> **Your instructions**: Starting with the line that holds "Read Kubera Manga Online" and stopping after the line that holds "کتونی اسیکس مدل KAYANO 31 - Image 3", repeat the lines below word for word, without the pictures.
-- Provided records follows --
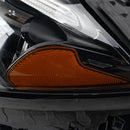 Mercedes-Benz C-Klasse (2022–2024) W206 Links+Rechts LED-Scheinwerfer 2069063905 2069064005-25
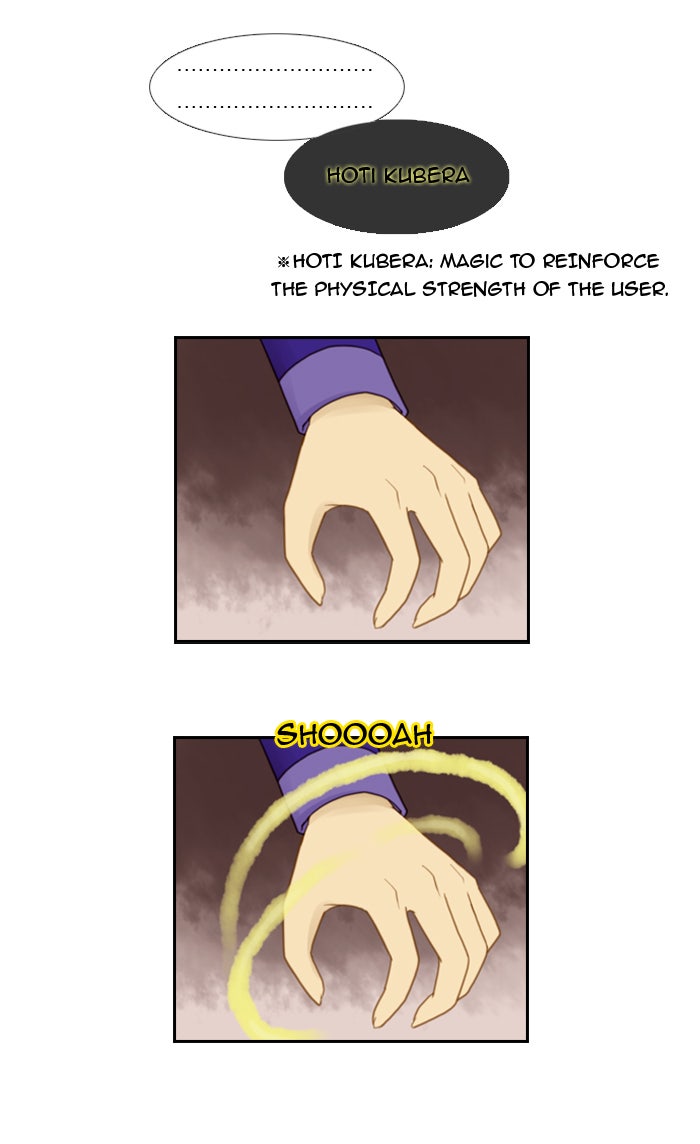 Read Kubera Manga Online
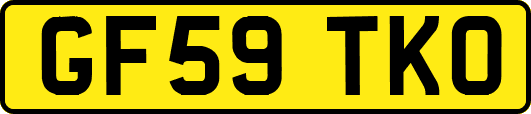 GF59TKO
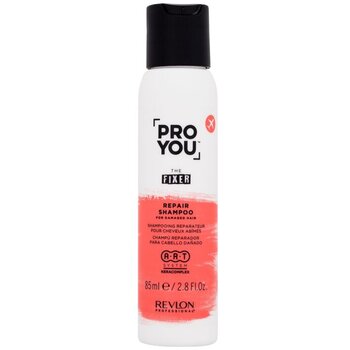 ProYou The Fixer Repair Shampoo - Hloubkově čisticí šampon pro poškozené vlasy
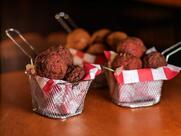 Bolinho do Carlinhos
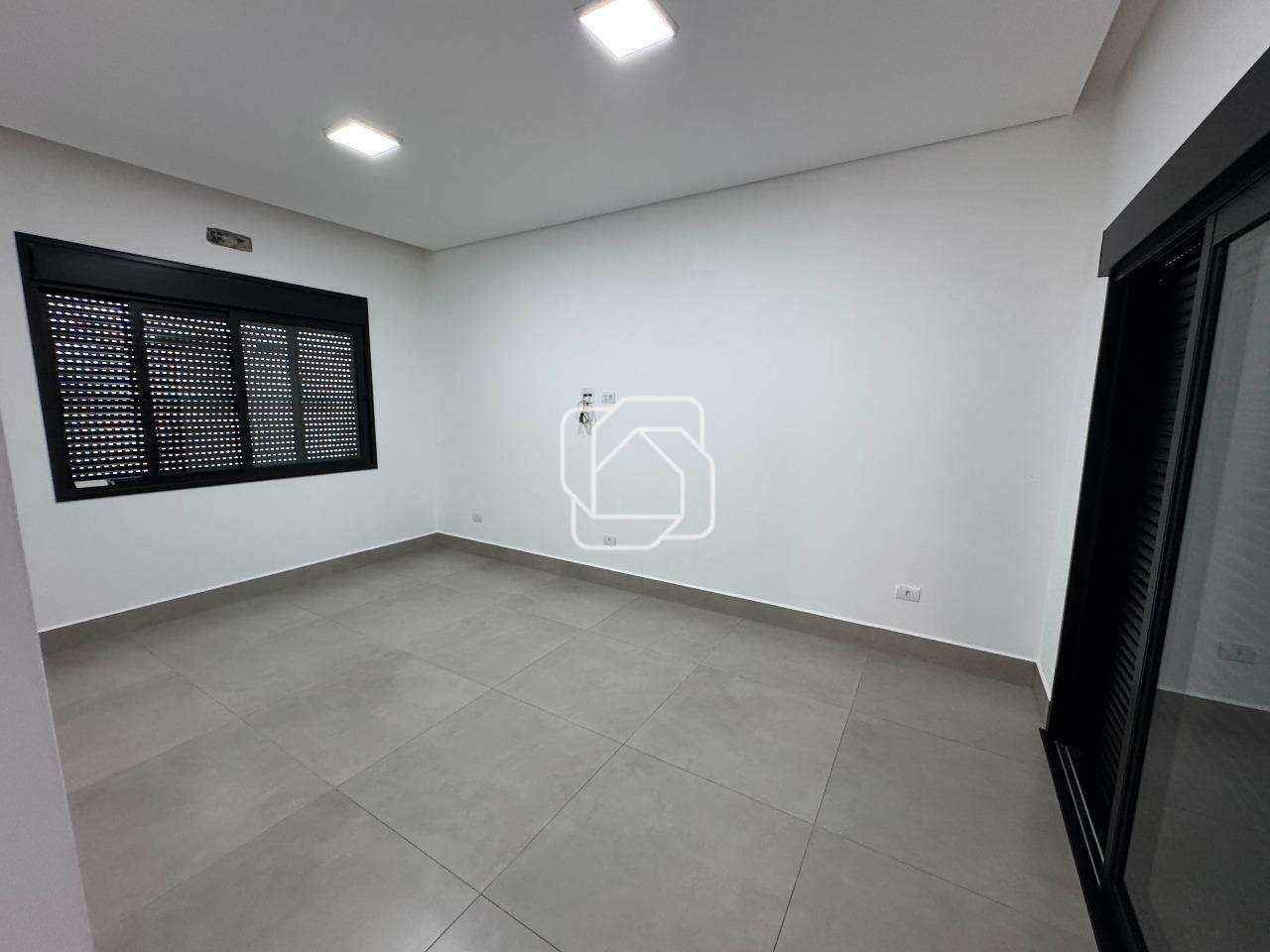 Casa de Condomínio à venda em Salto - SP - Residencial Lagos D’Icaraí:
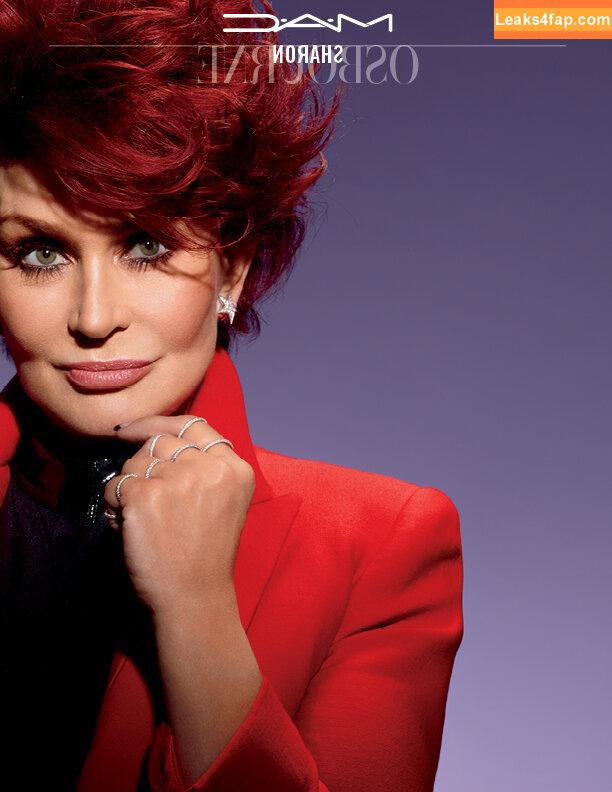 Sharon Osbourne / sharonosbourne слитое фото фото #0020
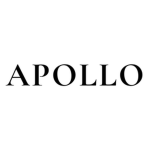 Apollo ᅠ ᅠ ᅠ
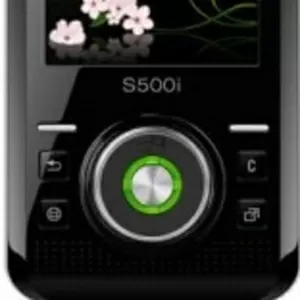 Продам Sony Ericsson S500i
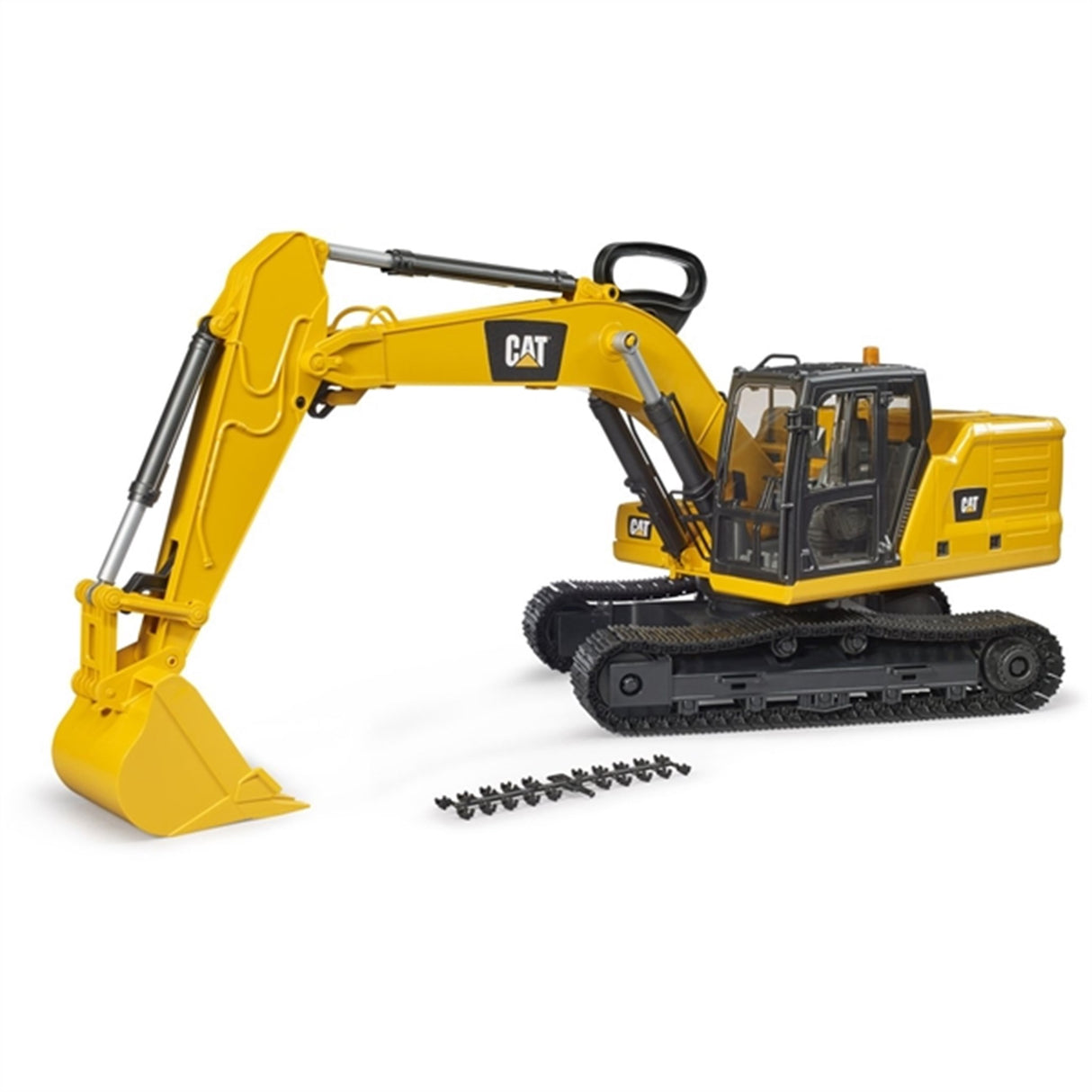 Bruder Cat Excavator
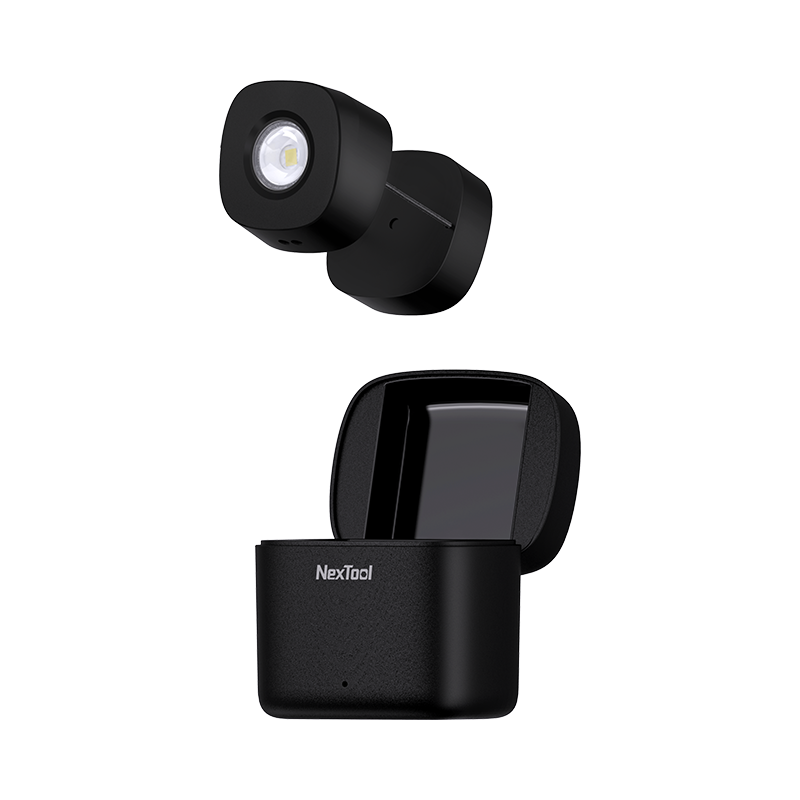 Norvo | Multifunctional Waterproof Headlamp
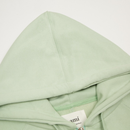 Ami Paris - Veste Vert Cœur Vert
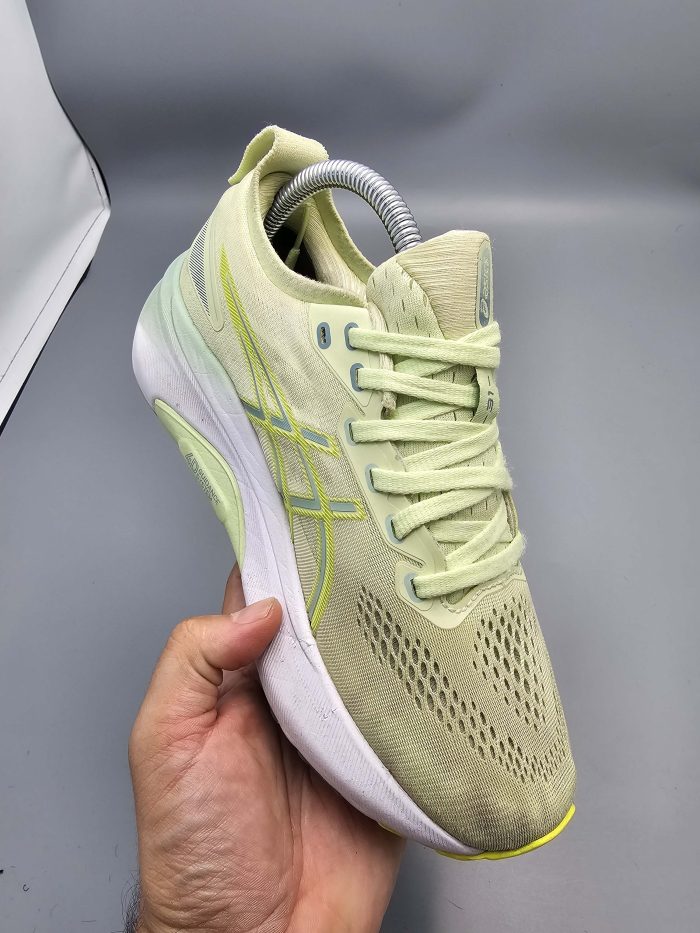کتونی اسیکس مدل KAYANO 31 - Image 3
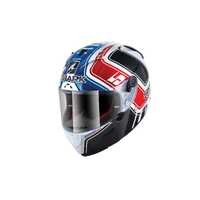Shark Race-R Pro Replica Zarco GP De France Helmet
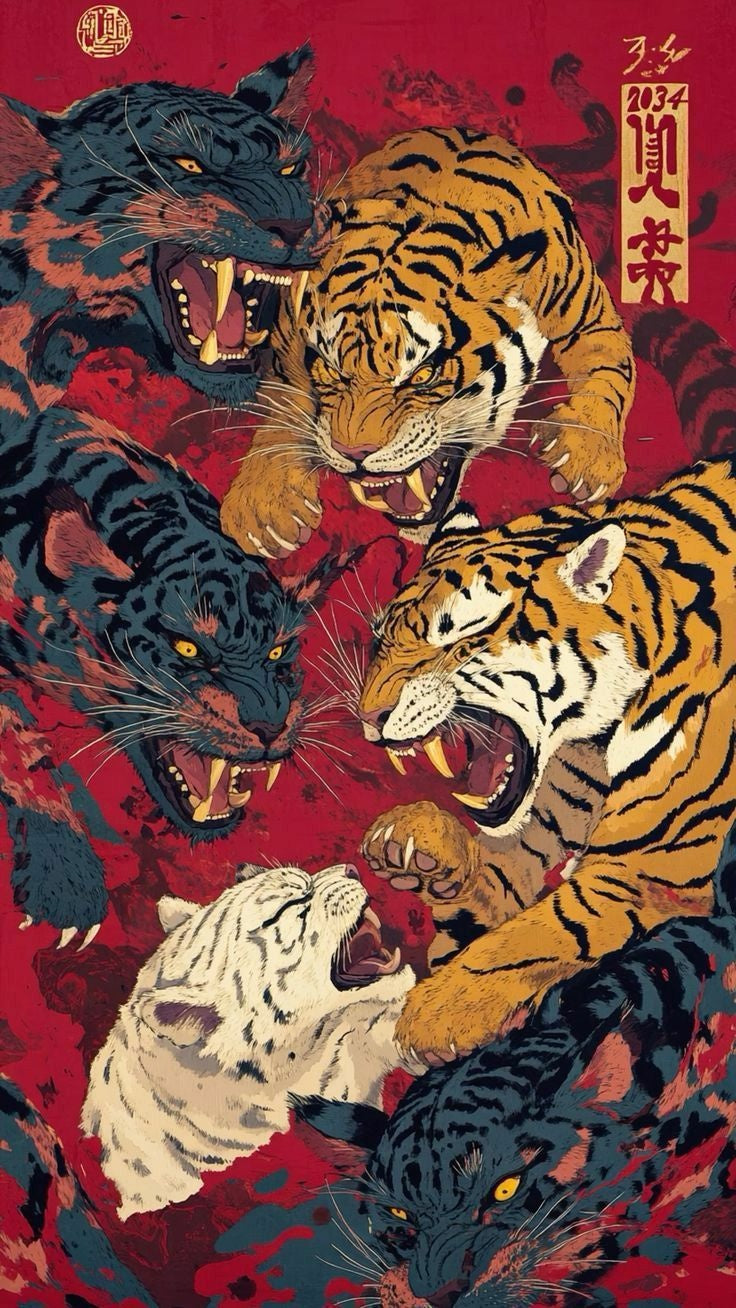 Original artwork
-- Provided records concluded --
> **Result**:
 Read Kubera Manga Online
 GF59TKO
 ProYou The Fixer Repair Shampoo - Hloubkově čisticí šampon pro poškozené vlasy
 Bolinho do Carlinhos
 Casa de Condomínio à venda em Salto - SP - Residencial Lagos D’Icaraí:
 Sharon Osbourne / sharonosbourne слитое фото фото #0020
 Apollo ᅠ ᅠ ᅠ
 Продам Sony Ericsson S500i
 Bruder Cat Excavator
 Norvo | Multifunctional Waterproof Headlamp
 Ami Paris - Veste Vert Cœur Vert
کتونی اسیکس مدل KAYANO 31 - Image 3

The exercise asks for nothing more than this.